En effet, l’étude du dossier génétique nous apprend que l’horizon de départ de la traductrice n’a pas été uniquement façonné par le texte original – elle a mis en jeu d’autres textualités qui, pour des raisons et par des voies littéraires diverses, ont contribué à élargir l’histoire de la transmission et de la réception de l’oeuvre de Ducasse. Les brouillons attestent de manière éloquente que la créativité traductive de Venturini s’est nourrie d’éléments que certains paratextes lui ont offerts à la lecture. On peut donc établir que sa propre conception de la littérature dépasse la dimension textuelle pour engager toute une dimension matérielle associée aux supports de l’écriture et aux modalités d’inscription et de transmission des discours littéraires. Ainsi, les matérialités diverses qui, par hasard ou par destin, atteignent des lecteurs spécifiques, élargissent et renforcent la tradition textuelle des oeuvres et, dans le cas de la proposition de Venturini, se mêlent au texte lui-même et donnent lieu à une métamorphose qui le ramifie et l’enrichit. L’écrivaine argentine rend à la sphère des lettres un texte ducassien chargé de l’encre de ses multiples interprètes – lecteurs, traducteurs et éditeurs. Avec sa traduction à l’oeuvre, tout en souscrivant à l’influence de formes qui lui viennent de Ducasse, elle réclame une esthétique qui ne considère pas les oeuvres indépendamment de leurs manifestations particulières et successives et qui assume donc la pertinence de la culture écrite dans son rapport avec la culture graphique et visuelle.

Conclusions

Avec ses réussites, ses défauts et ses excentricités, la proposition de Venturini projette « les vagues en fureur de mer maldororienne » (Ducasse, 1973 [1869], p. 261) et répond au précepte que Ducasse a légué à la littérature : « La poésie doit être faite par tous. Non par un » (ibid., [1870], p. 311). Si, à ses yeux, « La poésie n’est pas la tempête, pas plus que le cyclone. C’est un fleuve majestueux et fertile » (ibid., [1870], p. 281), Venturini se plonge dans ce fleuve pour en agiter les eaux de houles provenant de deux langues, deux cultures, deux écritures et deux esprits maudits. Dans cette rencontre, comme « Buenos-Ayres, la reine du Sud, et Montevideo, la coquette », « à travers les eaux argentines du grand estuaire », Ducasse et Venturini « se tendent une main amie » (ibid., [1869], p. 57) pour nous laisser une oeuvre traduite vivante et féroce, dont les effets de lecture sont assurément stimulants.

Pour conclure, nous proposons une réflexion sur les perspectives de la traduction de Venturini.
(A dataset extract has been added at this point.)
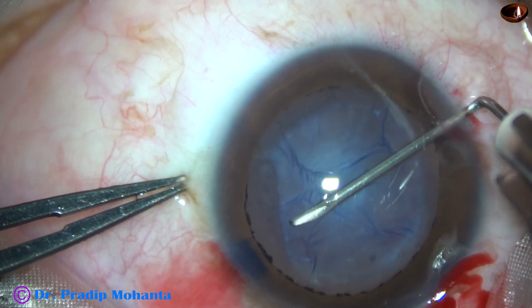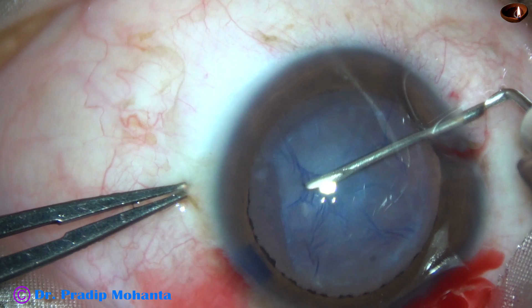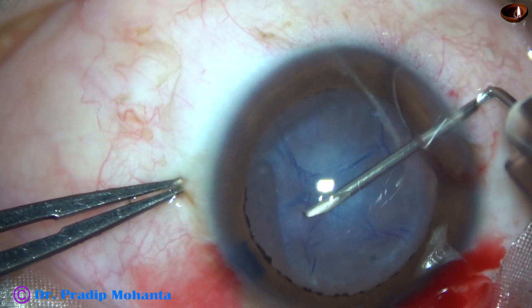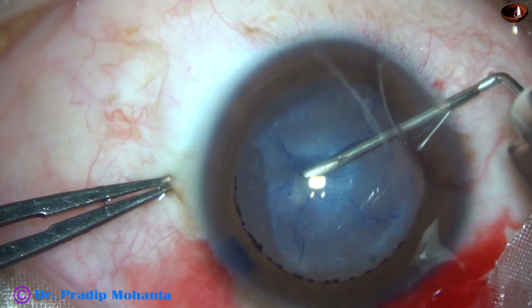So I am just trying to separate the capsule from the fibrous tissue.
Bien que le travail réalisé soit très intéressant, il n’a pas eu une grande incidence sur la réception de Ducasse en Argentine. L’édition parue en 2007 est du reste pratiquement introuvable. Alors que les romans de Venturini sont des succès de librairie et que la légataire de ses droits d’auteur, Liliana Viola, envisage de relancer son oeuvre, une réédition critique et corrigée de CMST semble aujourd’hui souhaitable. La communauté universitaire mais aussi un plus vaste lectorat pourraient alors accéder, à travers ces pages, à l’écriture turbulente d’Isidore Ducasse, à celle d’Aurora Venturini, et à celle des deux en communion, ou en commotion, aussi perturbante que les modalités de traduction de notre extravagante autrice argentine.